George Will doubts that the Democrats can find their way back to the anti-totalitarian liberalism that characterized the party during the first twenty years of the Cold War. Will’s skepticism stems from his view that the Michael Moore wing of the party is so central to the Democratic base.
I agree with Will, having expressed my skepticism here. But let’s ask why the Moore wing is so influential compared to the party’s far left wing in the late 1940s. The answer may have something to do with experience and the seriousness, or lack thereof, that different experiences produce.
The generation of leftists who ended the mainstream left’s flirtation with totalitarianism in the late 1940s had just lived through a world war against totalitarians. That generation had also seen Stalin, the champion of the totalitarian left, enter into deadly pact with Hitler. And many leftists, such as my father, had come to despise Communists based on direct dealings with them, for example in battles for control of trade unions. In short, the anti-totalitarianism of that generation was not based on electoral calculation (the Democrats had won four presidential races in a row), but on bitter life experiences.

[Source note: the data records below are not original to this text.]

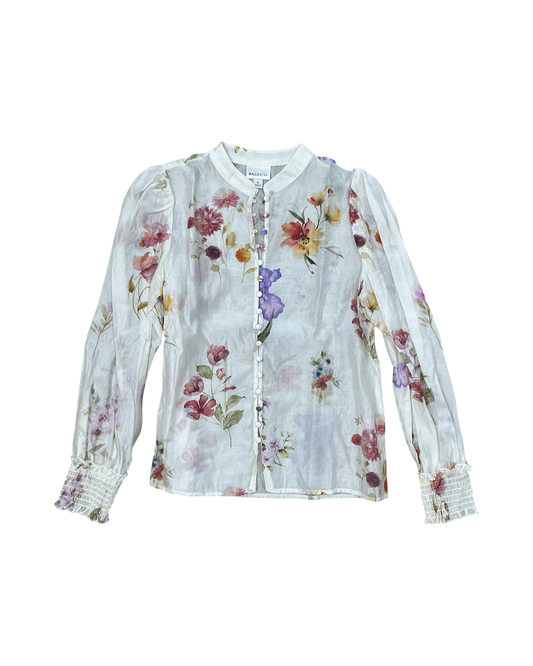 Top Ls By Bailey 44 In Cream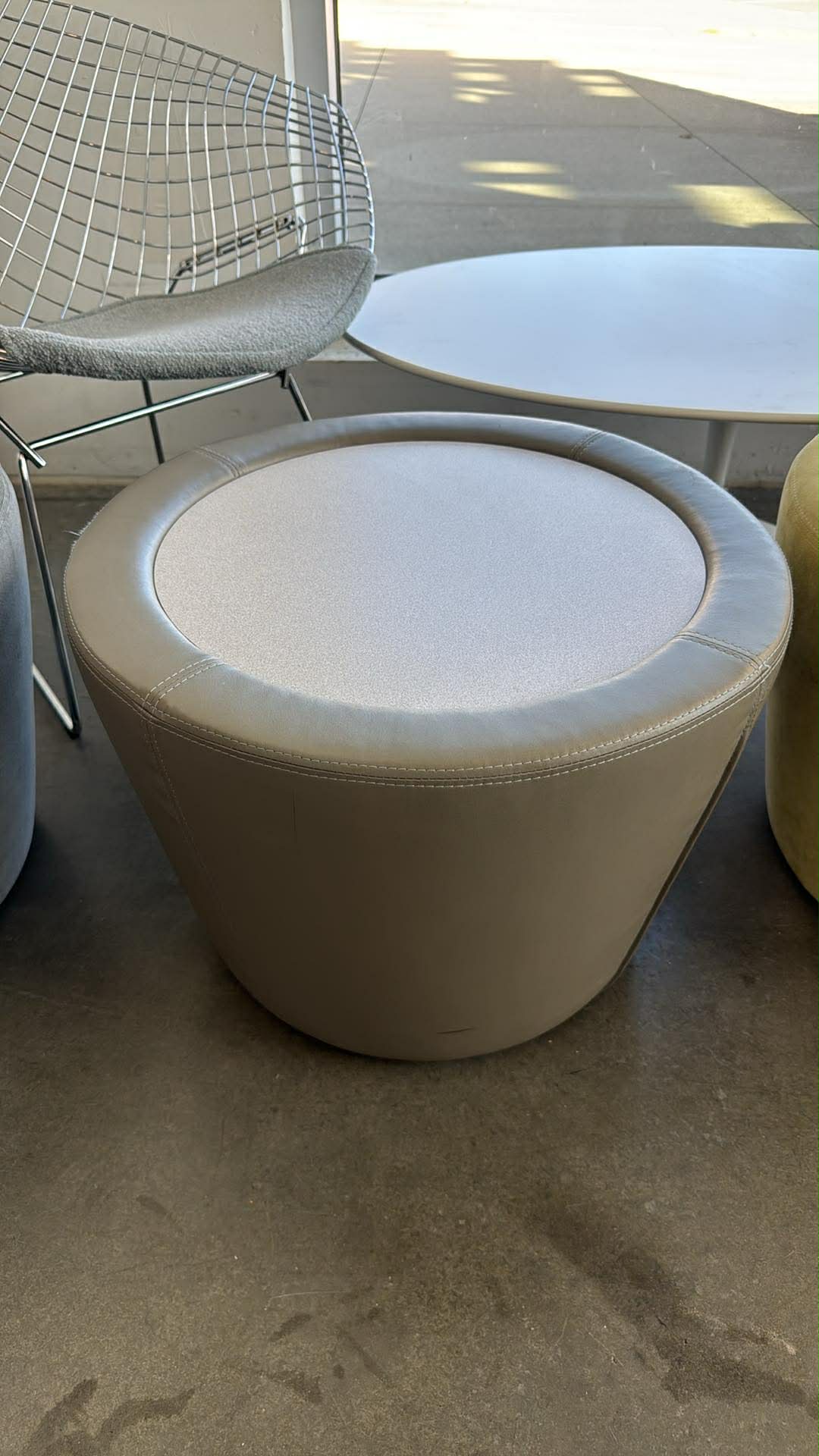 Brayton Design Portofino Ottoman – Various Colours & Patterns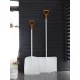 Лопата Fiskars SnowXpert Shovel White (1003605)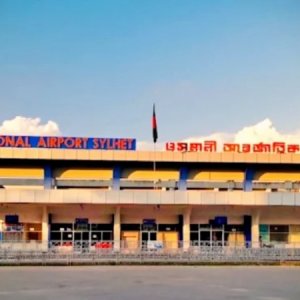 পুড়ে গেছে সিলেট বিমানবন্দরের সার্ভার রুম, ইমিগ্রেশন হচ্ছে ম্যানুয়ালি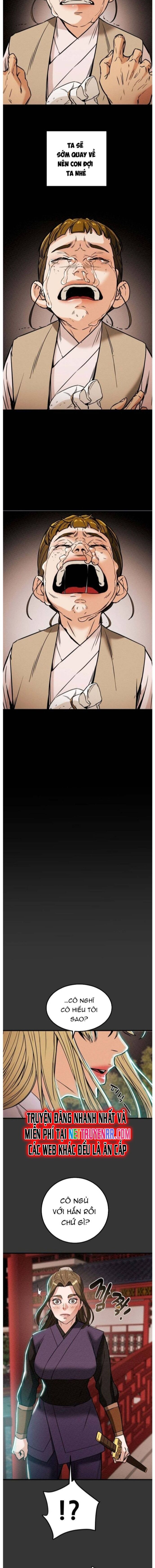 Minh Nguyệt Truyện Chapter 27 - 7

What about today’s left? It’s most searing experience remains the Vietnam War. The lesson of that war, leftists continue to believe, is that, in Michael Moore’s words, America “is known for bringing sadness and misery to places around the globe.” To these leftist the Islamofascists, if they exist at all, are an abstraction. Leftists have never dealt with them (although that is starting to change); they haven’t been betrayed by the Islamofascists, as their fathers were by Stalin or by his puppets at the local union hall. For all the baby-boomer left cares to know, 9/11 really could be about 19 crazy guys and a few bearded backers.
If this theory has merit, the Democratic party’s real problem may be that it’s the captive of its baby-boomer wing, of which Michael Moore is only an over-sized manifestation.